Problem details: Word for word, restate the records that follow.

*** Opening of Excerpted data ***

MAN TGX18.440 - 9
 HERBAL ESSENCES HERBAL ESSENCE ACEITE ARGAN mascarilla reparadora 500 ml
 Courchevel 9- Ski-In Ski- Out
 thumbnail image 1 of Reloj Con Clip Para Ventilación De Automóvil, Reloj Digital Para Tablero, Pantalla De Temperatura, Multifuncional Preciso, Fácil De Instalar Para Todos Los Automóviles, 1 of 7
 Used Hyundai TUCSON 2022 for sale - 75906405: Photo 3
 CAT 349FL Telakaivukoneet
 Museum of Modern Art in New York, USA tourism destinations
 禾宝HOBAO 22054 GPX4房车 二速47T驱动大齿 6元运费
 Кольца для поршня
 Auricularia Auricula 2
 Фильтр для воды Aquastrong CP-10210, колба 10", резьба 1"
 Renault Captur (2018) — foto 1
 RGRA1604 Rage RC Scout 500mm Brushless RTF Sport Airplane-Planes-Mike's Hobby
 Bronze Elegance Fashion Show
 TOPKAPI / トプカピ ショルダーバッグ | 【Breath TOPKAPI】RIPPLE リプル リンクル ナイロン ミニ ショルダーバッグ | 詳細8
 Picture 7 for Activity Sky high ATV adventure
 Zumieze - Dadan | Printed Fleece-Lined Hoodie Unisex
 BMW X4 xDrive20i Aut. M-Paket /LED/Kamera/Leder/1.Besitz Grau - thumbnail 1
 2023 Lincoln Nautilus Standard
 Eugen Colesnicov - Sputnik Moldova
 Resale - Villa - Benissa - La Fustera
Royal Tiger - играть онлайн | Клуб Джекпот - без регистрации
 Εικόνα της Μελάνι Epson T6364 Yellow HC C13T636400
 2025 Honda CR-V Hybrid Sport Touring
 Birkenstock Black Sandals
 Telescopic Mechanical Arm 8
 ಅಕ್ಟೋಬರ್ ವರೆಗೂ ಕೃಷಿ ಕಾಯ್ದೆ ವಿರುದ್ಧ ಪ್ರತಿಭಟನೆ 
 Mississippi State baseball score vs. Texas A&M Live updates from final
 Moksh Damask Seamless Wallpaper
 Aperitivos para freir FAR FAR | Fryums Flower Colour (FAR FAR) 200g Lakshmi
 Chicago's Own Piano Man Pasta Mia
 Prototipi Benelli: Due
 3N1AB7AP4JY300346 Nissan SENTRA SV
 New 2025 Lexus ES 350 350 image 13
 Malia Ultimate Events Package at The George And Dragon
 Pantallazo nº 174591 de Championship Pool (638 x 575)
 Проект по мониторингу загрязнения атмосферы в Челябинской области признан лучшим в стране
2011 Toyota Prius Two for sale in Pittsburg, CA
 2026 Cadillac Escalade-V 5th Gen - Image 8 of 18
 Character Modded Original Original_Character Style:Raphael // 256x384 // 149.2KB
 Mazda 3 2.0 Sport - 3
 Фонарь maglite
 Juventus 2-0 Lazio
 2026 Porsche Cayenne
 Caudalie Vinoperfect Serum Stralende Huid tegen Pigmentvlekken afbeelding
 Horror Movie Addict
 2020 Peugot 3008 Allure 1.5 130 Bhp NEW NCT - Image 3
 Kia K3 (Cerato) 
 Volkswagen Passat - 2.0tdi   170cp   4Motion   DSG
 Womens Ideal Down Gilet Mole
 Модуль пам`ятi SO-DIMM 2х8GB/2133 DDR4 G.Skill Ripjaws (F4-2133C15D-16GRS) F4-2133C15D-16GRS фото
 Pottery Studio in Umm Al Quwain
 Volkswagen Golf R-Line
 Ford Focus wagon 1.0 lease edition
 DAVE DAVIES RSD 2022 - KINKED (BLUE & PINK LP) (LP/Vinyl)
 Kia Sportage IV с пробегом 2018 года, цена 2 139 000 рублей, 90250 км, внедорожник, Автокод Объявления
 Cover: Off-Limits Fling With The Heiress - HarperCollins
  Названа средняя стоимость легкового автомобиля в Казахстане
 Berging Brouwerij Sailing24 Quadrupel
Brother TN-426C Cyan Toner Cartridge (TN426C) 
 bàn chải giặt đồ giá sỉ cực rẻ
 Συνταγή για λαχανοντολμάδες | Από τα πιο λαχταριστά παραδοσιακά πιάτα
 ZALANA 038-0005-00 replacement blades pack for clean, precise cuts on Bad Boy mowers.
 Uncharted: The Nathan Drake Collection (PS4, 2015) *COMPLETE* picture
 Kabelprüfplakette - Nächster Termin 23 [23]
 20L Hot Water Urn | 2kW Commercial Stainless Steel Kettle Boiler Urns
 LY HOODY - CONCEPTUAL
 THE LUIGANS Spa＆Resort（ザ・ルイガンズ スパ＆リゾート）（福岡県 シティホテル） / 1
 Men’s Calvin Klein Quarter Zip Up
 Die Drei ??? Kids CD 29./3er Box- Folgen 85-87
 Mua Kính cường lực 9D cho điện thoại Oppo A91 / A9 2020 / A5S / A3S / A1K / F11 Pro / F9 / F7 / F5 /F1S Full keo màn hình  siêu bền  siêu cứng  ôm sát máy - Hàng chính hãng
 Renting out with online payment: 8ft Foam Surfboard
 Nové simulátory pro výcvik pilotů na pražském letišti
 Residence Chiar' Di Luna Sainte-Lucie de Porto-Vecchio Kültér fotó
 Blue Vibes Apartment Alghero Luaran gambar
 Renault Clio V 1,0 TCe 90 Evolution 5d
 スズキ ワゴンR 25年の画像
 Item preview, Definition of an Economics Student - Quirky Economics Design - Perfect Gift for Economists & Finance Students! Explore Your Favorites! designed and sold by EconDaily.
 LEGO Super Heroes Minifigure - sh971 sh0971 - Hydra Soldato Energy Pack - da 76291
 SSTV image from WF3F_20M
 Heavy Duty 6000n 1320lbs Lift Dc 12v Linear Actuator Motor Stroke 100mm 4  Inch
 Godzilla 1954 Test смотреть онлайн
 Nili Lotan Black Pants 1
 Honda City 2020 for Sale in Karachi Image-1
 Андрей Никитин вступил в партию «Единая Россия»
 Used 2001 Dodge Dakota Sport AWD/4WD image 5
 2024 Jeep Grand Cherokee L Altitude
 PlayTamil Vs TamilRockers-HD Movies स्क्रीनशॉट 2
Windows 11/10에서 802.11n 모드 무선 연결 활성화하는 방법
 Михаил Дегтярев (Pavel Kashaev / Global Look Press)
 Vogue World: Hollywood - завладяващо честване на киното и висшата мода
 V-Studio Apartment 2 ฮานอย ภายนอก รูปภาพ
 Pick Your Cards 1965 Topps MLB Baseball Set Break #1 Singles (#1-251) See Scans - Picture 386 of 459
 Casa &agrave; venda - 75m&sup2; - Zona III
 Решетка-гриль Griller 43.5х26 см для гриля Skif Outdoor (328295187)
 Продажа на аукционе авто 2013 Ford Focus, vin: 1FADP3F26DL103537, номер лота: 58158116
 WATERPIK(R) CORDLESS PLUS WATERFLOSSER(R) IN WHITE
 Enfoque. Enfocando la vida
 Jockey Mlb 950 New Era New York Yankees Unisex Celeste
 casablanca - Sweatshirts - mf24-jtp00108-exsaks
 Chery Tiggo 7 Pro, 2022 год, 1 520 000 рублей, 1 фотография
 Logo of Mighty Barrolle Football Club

*** Close of Excerpted data ***

Answer for the task:
MAN TGX18.440 - 9
 HERBAL ESSENCES HERBAL ESSENCE ACEITE ARGAN mascarilla reparadora 500 ml
 Courchevel 9- Ski-In Ski- Out
 thumbnail image 1 of Reloj Con Clip Para Ventilación De Automóvil, Reloj Digital Para Tablero, Pantalla De Temperatura, Multifuncional Preciso, Fácil De Instalar Para Todos Los Automóviles, 1 of 7
 Used Hyundai TUCSON 2022 for sale - 75906405: Photo 3
 CAT 349FL Telakaivukoneet
 Museum of Modern Art in New York, USA tourism destinations
 禾宝HOBAO 22054 GPX4房车 二速47T驱动大齿 6元运费
 Кольца для поршня
 Auricularia Auricula 2
 Фильтр для воды Aquastrong CP-10210, колба 10", резьба 1"
 Renault Captur (2018) — foto 1
 RGRA1604 Rage RC Scout 500mm Brushless RTF Sport Airplane-Planes-Mike's Hobby
 Bronze Elegance Fashion Show
 TOPKAPI / トプカピ ショルダーバッグ | 【Breath TOPKAPI】RIPPLE リプル リンクル ナイロン ミニ ショルダーバッグ | 詳細8
 Picture 7 for Activity Sky high ATV adventure
 Zumieze - Dadan | Printed Fleece-Lined Hoodie Unisex
 BMW X4 xDrive20i Aut. M-Paket /LED/Kamera/Leder/1.Besitz Grau - thumbnail 1
 2023 Lincoln Nautilus Standard
 Eugen Colesnicov - Sputnik Moldova
 Resale - Villa - Benissa - La Fustera
Royal Tiger - играть онлайн | Клуб Джекпот - без регистрации
 Εικόνα της Μελάνι Epson T6364 Yellow HC C13T636400
 2025 Honda CR-V Hybrid Sport Touring
 Birkenstock Black Sandals
 Telescopic Mechanical Arm 8
 ಅಕ್ಟೋಬರ್ ವರೆಗೂ ಕೃಷಿ ಕಾಯ್ದೆ ವಿರುದ್ಧ ಪ್ರತಿಭಟನೆ 
 Mississippi State baseball score vs. Texas A&M Live updates from final
 Moksh Damask Seamless Wallpaper
 Aperitivos para freir FAR FAR | Fryums Flower Colour (FAR FAR) 200g Lakshmi
 Chicago's Own Piano Man Pasta Mia
 Prototipi Benelli: Due
 3N1AB7AP4JY300346 Nissan SENTRA SV
 New 2025 Lexus ES 350 350 image 13
 Malia Ultimate Events Package at The George And Dragon
 Pantallazo nº 174591 de Championship Pool (638 x 575)
 Проект по мониторингу загрязнения атмосферы в Челябинской области признан лучшим в стране
2011 Toyota Prius Two for sale in Pittsburg, CA
 2026 Cadillac Escalade-V 5th Gen - Image 8 of 18
 Character Modded Original Original_Character Style:Raphael // 256x384 // 149.2KB
 Mazda 3 2.0 Sport - 3
 Фонарь maglite
 Juventus 2-0 Lazio
 2026 Porsche Cayenne
 Caudalie Vinoperfect Serum Stralende Huid tegen Pigmentvlekken afbeelding
 Horror Movie Addict
 2020 Peugot 3008 Allure 1.5 130 Bhp NEW NCT - Image 3
 Kia K3 (Cerato) 
 Volkswagen Passat - 2.0tdi   170cp   4Motion   DSG
 Womens Ideal Down Gilet Mole
 Модуль пам`ятi SO-DIMM 2х8GB/2133 DDR4 G.Skill Ripjaws (F4-2133C15D-16GRS) F4-2133C15D-16GRS фото
 Pottery Studio in Umm Al Quwain
 Volkswagen Golf R-Line
 Ford Focus wagon 1.0 lease edition
 DAVE DAVIES RSD 2022 - KINKED (BLUE & PINK LP) (LP/Vinyl)
 Kia Sportage IV с пробегом 2018 года, цена 2 139 000 рублей, 90250 км, внедорожник, Автокод Объявления
 Cover: Off-Limits Fling With The Heiress - HarperCollins
  Названа средняя стоимость легкового автомобиля в Казахстане
 Berging Brouwerij Sailing24 Quadrupel
Brother TN-426C Cyan Toner Cartridge (TN426C) 
 bàn chải giặt đồ giá sỉ cực rẻ
 Συνταγή για λαχανοντολμάδες | Από τα πιο λαχταριστά παραδοσιακά πιάτα
 ZALANA 038-0005-00 replacement blades pack for clean, precise cuts on Bad Boy mowers.
 Uncharted: The Nathan Drake Collection (PS4, 2015) *COMPLETE* picture
 Kabelprüfplakette - Nächster Termin 23 [23]
 20L Hot Water Urn | 2kW Commercial Stainless Steel Kettle Boiler Urns
 LY HOODY - CONCEPTUAL
 THE LUIGANS Spa＆Resort（ザ・ルイガンズ スパ＆リゾート）（福岡県 シティホテル） / 1
 Men’s Calvin Klein Quarter Zip Up
 Die Drei ??? Kids CD 29./3er Box- Folgen 85-87
 Mua Kính cường lực 9D cho điện thoại Oppo A91 / A9 2020 / A5S / A3S / A1K / F11 Pro / F9 / F7 / F5 /F1S Full keo màn hình  siêu bền  siêu cứng  ôm sát máy - Hàng chính hãng
 Renting out with online payment: 8ft Foam Surfboard
 Nové simulátory pro výcvik pilotů na pražském letišti
 Residence Chiar' Di Luna Sainte-Lucie de Porto-Vecchio Kültér fotó
 Blue Vibes Apartment Alghero Luaran gambar
 Renault Clio V 1,0 TCe 90 Evolution 5d
 スズキ ワゴンR 25年の画像
 Item preview, Definition of an Economics Student - Quirky Economics Design - Perfect Gift for Economists & Finance Students! Explore Your Favorites! designed and sold by EconDaily.
 LEGO Super Heroes Minifigure - sh971 sh0971 - Hydra Soldato Energy Pack - da 76291
 SSTV image from WF3F_20M
 Heavy Duty 6000n 1320lbs Lift Dc 12v Linear Actuator Motor Stroke 100mm 4  Inch
 Godzilla 1954 Test смотреть онлайн
 Nili Lotan Black Pants 1
 Honda City 2020 for Sale in Karachi Image-1
 Андрей Никитин вступил в партию «Единая Россия»
 Used 2001 Dodge Dakota Sport AWD/4WD image 5
 2024 Jeep Grand Cherokee L Altitude
 PlayTamil Vs TamilRockers-HD Movies स्क्रीनशॉट 2
Windows 11/10에서 802.11n 모드 무선 연결 활성화하는 방법
 Михаил Дегтярев (Pavel Kashaev / Global Look Press)
 Vogue World: Hollywood - завладяващо честване на киното и висшата мода
 V-Studio Apartment 2 ฮานอย ภายนอก รูปภาพ
 Pick Your Cards 1965 Topps MLB Baseball Set Break #1 Singles (#1-251) See Scans - Picture 386 of 459
 Casa &agrave; venda - 75m&sup2; - Zona III
 Решетка-гриль Griller 43.5х26 см для гриля Skif Outdoor (328295187)
 Продажа на аукционе авто 2013 Ford Focus, vin: 1FADP3F26DL103537, номер лота: 58158116
 WATERPIK(R) CORDLESS PLUS WATERFLOSSER(R) IN WHITE
 Enfoque. Enfocando la vida
 Jockey Mlb 950 New Era New York Yankees Unisex Celeste
 casablanca - Sweatshirts - mf24-jtp00108-exsaks
 Chery Tiggo 7 Pro, 2022 год, 1 520 000 рублей, 1 фотография
 Logo of Mighty Barrolle Football Club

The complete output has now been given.